Determining validity of work refusal

Tim Mitchell

Question: If an employee refuses to work on the basis it is dangerous causing delays and financial loss, but an official investigation determines there is no danger, can the employer take disciplinary action?

Answer: Most employees are exposed to certain types of dangers or hazards that are specific to the type of job the employee performs. While health and safety legislation provides a statutory right to refuse unsafe work, the same legislation also qualifies the threshold at which normal dangers or hazards associated with a job become unsafe.

For example, in Alberta, an employee has the right to refuse to perform imminently dangerous work. “Imminent danger” is defined in the province’s Occupational Health and Safety Act as “a danger that is not normal for that occupation or one which someone working that job would not normally accept.” Thus, what is “dangerous work” is a relative determination according to the occupation or work being performed. Similarly, in New Brunswick, Manitoba, Newfoundland and Labrador, Saskatchewan, and the Northwest Territories, the right to refuse unsafe work is limited to work that poses an “unusual danger” to an employee; and in British Columbia, work refusals are subject to the test of “undue hazard”.

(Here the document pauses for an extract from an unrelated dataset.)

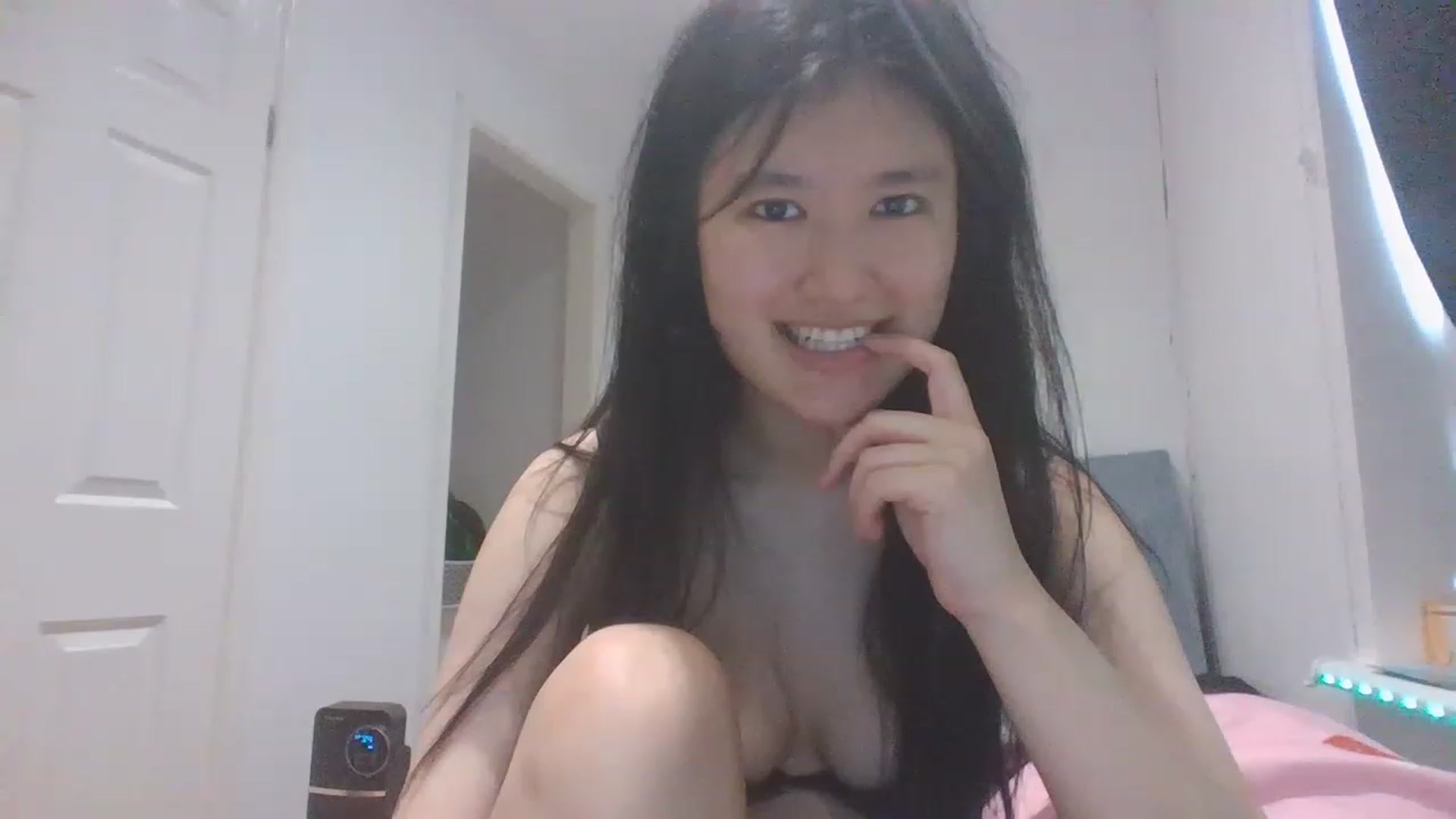 Gallery image thumbnail from Blazinazn420_'s myfreecams stream on, 02/10/2023, 14:49 image 5 of 20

Employees, in association with the right to refuse dangerous work, also have the right to refuse such work without the fear of reprisal from the employer. In fact, regardless of whether an investigation determines there is no danger to the employee, occupational health and safety legislation has raised a presumption against the employer for any reprisal including demotion, dismissal, suspension, deduction of wages or benefits, job transfers, change in hours of work, or reprimand.

Since employees and employers often disagree about whether work is dangerous, the employer will often view the refusing employee as insubordinate. However, if the worker is acting in compliance with the workplace health and safety legislation, such as good faith reporting of a safety concern, it is imperative that the employer not take any disciplinary action against the worker.

Notably, a worker who reasonably believes that she has been disciplined for raising a safety concern may use the grievance procedure under the collective agreement, if any, or file a complaint before the appropriate federal or provincial occupational health and safety board or administrative body. If it is ultimately found that the complainant employee was acting in accordance with the statutorily proscribed occupational health and safety procedure, and was disciplined for raising a safety concern or refusing to accept dangerous work, then the employee may be entitled to reinstatement, cessation of the disciplinary action, payment of lost wages, and removal of any reprimand or other reference to the matter from the employee’s employment record.

A work refusal, however, is improper where the employee’s refusal to work is not based on legitimate health and safety concerns, and when the worker has not followed the proper procedures required in refusing to do unsafe work. An employee’s refusal would also be improper if it is frivolous or the reasons amount to insubordination, as was the case in McGregor v. Brunswick Mining & Smelting Corp.

For more information see:

McGregor v. Brunswick Mining & Smelting Corp., 1991 CarswellNB 399 (N.B. Q.B.).